Steering Pipelines

Steering pipeline

The structure of a steering pipeline.

Steering pipelines allow for the composition of multiple controls (across the four control types) into a single steering operation on a model. This allows for individual controls to be easily mixed to form novel steering interventions.

Steering pipelines are created using the SteeringPipeline class. The most common pattern is to specify a Hugging Face model name via base_model_or_path along with instantiated controls, e.g., few_shot and dpo, as follows:

from aisteer360.algorithms.core.steering_pipeline import SteeringPipeline

pipeline = SteeringPipeline(
    model_name_or_path="meta-llama/Llama-2-7b-hf",
    controls=[few_shot, dpo]
)

The above chains the two controls into a single operation on the model.

Note

Some structural controls (e.g., model merging methods) produce a model as output rather than modifying/tuning an existing model. In these cases, the steering pipeline must be initialized with the argument lazy_init=True , rather than with the model_name_or_path argument. This defers loading of the base model until the steer step.

Note

We currently impose a constraint that the pipeline consists of at most one control per category. Extending steering pipelines to contain more than one control per category is under active development.

Steering the pipeline

Before a steering pipeline can be used for inference, all of the controls in the pipeline must be prepared and applied to the model (e.g, training logic in a DPO control, or subspace learning in the SASA control). This step is referred to as the steer step and is executed via:

pipeline.steer()

Calling the steer() method on a pipeline instance invokes the steering logic for each control in the pipeline in a bottom-up fashion (structural -> state -> input -> output). This ensures proper layering, e.g., we want to make sure that activation (state) steering is done with respect to any updated structure of the model.

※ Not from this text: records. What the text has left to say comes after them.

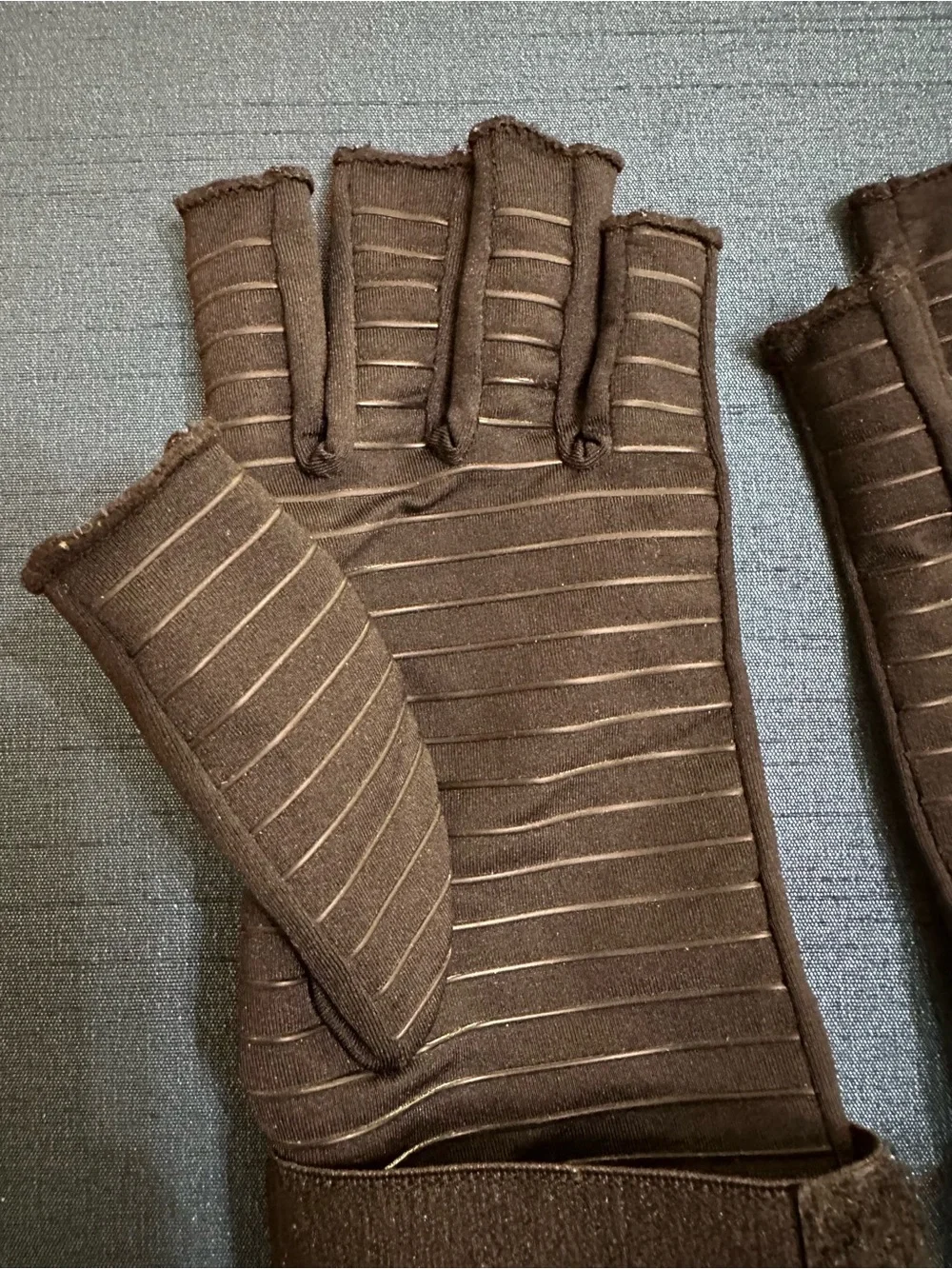 COPPER FIT Women’s Black Compression Fingerless Gloves—Size S/M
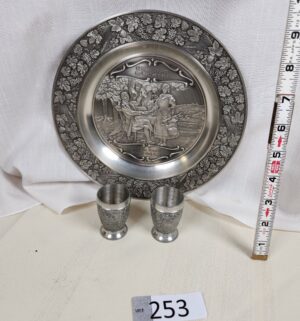 i253- Stammtisch pewter set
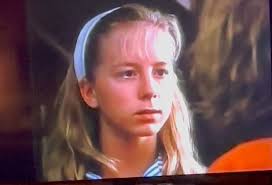 Ellie Nash is Cathleen from Degrassi Junior High 🫣 her dad is also in the  military and away all the time 🫨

The steer() step can be resource-heavy, e.g., especially if any of the controls in the pipeline require any training. Steering must be called exactly once before using the pipeline for inference.

Running inference on the pipeline

Once the pipeline has been steered, inference can be run using the generate() method. AISteer360 has been built to be tightly integrated with Hugging Face and thus running inference on a steering pipeline is operationally similar to running inference on a Hugging Face model. As with Hugging Face models, prompts must first be encoded via the pipeline's tokenizer. It is also recommended to apply the tokenizer's chat template if available:

tokenizer = pipeline.tokenizer
chat = tokenizer.apply_chat_template(
    [{"role": "user", "content": PROMPT}],
    tokenize=False,
    add_generation_prompt=True
)
inputs = tokenizer(chat, return_tensors="pt")

Inference can then be run as usual, for instance:

gen_params = {
    "max_new_tokens": 20,
    "temperature": 0.6,
    "top_p": 0.9,
    "do_sample": True,
    "repetition_penalty": 1.05,
}

steered_output_ids = pipeline.generate(
    input_ids=inputs.input_ids,
    **gen_params,
)

Note that steering pipelines accept any of the generation parameters available in Hugging Face's GenerationConfig class. This includes any of the generation strategies for custom decoding.